How Rasa keras policy perform prediction probabilities?

I have to use my custom model architecture in rasa keras policy, for which I have to understand the prediction probabilities of rasa keras policy. As I have understood, while training the training data has first changed into vector transformation, and then a random shuffle has performed on the inputs and the predicted actions.

The shuffled inputs and predicted actions have then used to train the model using simple LSTM. Could I get the clear explanation about why the vactor transformations have performed? How does it have influenze on predicting actions?

what do you mean by vector transformation?

After analysing the script, in the function ‘train’ of KerasPolicy, the ‘training trackers’ has transformed into a vector representation using featurizer (rasa/ at master · RasaHQ/rasa · GitHub).

Please note the function ‘featurize_for_training’(rasa/ at 510d0fd8b77731d225d0d7c48f1cea5842924162 · RasaHQ/rasa · GitHub).

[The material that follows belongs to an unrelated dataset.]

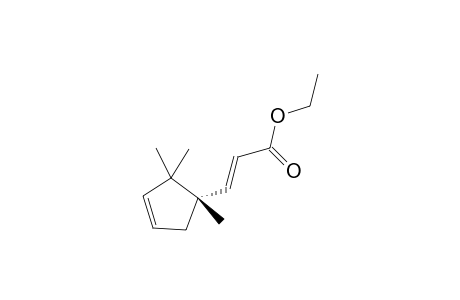 (E)-3-[(1S)-1,2,2-trimethyl-1-cyclopent-3-enyl]-2-propenoic acid ethyl ester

This vector representations have shuffed using numpy, which has defined as shuffled_X, shuffled_y, which have then used for training the model.

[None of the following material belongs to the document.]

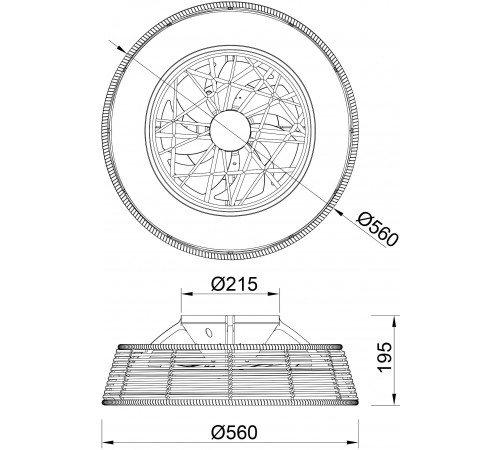 Светильник с вентилятором Mantra (люстры-вентиляторы) 8225 Indonesia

the stories need to be transformed into numbers, that’s why featurization is performed. shuffling of data points is a standard procedure before training ML models

Thanks for the Reply! Could you please elaborate it. Have the vector representations implemented based on starspace algorithm or what type of featurizer has used to convert the samples into vector representations?

one-hot encoding of intents and actions